> Work item
Set down the material exactly. Keep every line.

----

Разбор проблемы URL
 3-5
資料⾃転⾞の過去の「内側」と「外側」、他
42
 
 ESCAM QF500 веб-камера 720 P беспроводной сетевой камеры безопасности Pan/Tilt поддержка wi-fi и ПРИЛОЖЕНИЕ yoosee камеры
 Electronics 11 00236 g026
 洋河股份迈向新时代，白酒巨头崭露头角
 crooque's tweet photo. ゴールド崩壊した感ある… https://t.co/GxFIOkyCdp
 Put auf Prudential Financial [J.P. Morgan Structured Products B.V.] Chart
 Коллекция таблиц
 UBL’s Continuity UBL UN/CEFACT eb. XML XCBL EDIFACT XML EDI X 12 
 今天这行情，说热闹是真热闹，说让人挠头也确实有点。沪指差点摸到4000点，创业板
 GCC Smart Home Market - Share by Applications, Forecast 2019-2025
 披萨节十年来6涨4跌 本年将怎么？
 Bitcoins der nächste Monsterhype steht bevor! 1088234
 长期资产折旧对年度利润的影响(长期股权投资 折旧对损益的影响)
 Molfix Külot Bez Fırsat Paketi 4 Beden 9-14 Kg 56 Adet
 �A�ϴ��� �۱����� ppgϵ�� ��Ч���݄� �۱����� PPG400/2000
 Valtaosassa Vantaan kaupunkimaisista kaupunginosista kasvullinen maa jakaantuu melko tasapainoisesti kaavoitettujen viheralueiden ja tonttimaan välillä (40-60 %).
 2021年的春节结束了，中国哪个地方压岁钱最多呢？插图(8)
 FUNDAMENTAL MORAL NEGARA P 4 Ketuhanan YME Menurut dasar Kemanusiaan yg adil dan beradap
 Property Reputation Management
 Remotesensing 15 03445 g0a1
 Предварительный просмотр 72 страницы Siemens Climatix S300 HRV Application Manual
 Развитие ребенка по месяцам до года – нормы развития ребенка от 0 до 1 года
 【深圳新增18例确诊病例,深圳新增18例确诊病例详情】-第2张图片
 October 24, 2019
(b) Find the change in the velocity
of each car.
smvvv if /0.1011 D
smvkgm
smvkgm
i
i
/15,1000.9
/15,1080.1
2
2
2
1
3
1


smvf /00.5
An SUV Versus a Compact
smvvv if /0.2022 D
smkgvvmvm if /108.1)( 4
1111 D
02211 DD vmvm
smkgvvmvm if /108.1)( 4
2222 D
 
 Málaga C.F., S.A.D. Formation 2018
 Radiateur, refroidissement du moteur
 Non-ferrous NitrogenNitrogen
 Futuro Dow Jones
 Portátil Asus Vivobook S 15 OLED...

----

> Solution for this task
Разбор проблемы URL
 3-5
資料⾃転⾞の過去の「内側」と「外側」、他
42
 
 ESCAM QF500 веб-камера 720 P беспроводной сетевой камеры безопасности Pan/Tilt поддержка wi-fi и ПРИЛОЖЕНИЕ yoosee камеры
 Electronics 11 00236 g026
 洋河股份迈向新时代，白酒巨头崭露头角
 crooque's tweet photo. ゴールド崩壊した感ある… https://t.co/GxFIOkyCdp
 Put auf Prudential Financial [J.P. Morgan Structured Products B.V.] Chart
 Коллекция таблиц
 UBL’s Continuity UBL UN/CEFACT eb. XML XCBL EDIFACT XML EDI X 12 
 今天这行情，说热闹是真热闹，说让人挠头也确实有点。沪指差点摸到4000点，创业板
 GCC Smart Home Market - Share by Applications, Forecast 2019-2025
 披萨节十年来6涨4跌 本年将怎么？
 Bitcoins der nächste Monsterhype steht bevor! 1088234
 长期资产折旧对年度利润的影响(长期股权投资 折旧对损益的影响)
 Molfix Külot Bez Fırsat Paketi 4 Beden 9-14 Kg 56 Adet
 �A�ϴ��� �۱����� ppgϵ�� ��Ч���݄� �۱����� PPG400/2000
 Valtaosassa Vantaan kaupunkimaisista kaupunginosista kasvullinen maa jakaantuu melko tasapainoisesti kaavoitettujen viheralueiden ja tonttimaan välillä (40-60 %).
 2021年的春节结束了，中国哪个地方压岁钱最多呢？插图(8)
 FUNDAMENTAL MORAL NEGARA P 4 Ketuhanan YME Menurut dasar Kemanusiaan yg adil dan beradap
 Property Reputation Management
 Remotesensing 15 03445 g0a1
 Предварительный просмотр 72 страницы Siemens Climatix S300 HRV Application Manual
 Развитие ребенка по месяцам до года – нормы развития ребенка от 0 до 1 года
 【深圳新增18例确诊病例,深圳新增18例确诊病例详情】-第2张图片
 October 24, 2019
(b) Find the change in the velocity
of each car.
smvvv if /0.1011 D
smvkgm
smvkgm
i
i
/15,1000.9
/15,1080.1
2
2
2
1
3
1


smvf /00.5
An SUV Versus a Compact
smvvv if /0.2022 D
smkgvvmvm if /108.1)( 4
1111 D
02211 DD vmvm
smkgvvmvm if /108.1)( 4
2222 D
 
 Málaga C.F., S.A.D. Formation 2018
 Radiateur, refroidissement du moteur
 Non-ferrous NitrogenNitrogen
 Futuro Dow Jones
 Portátil Asus Vivobook S 15 OLED...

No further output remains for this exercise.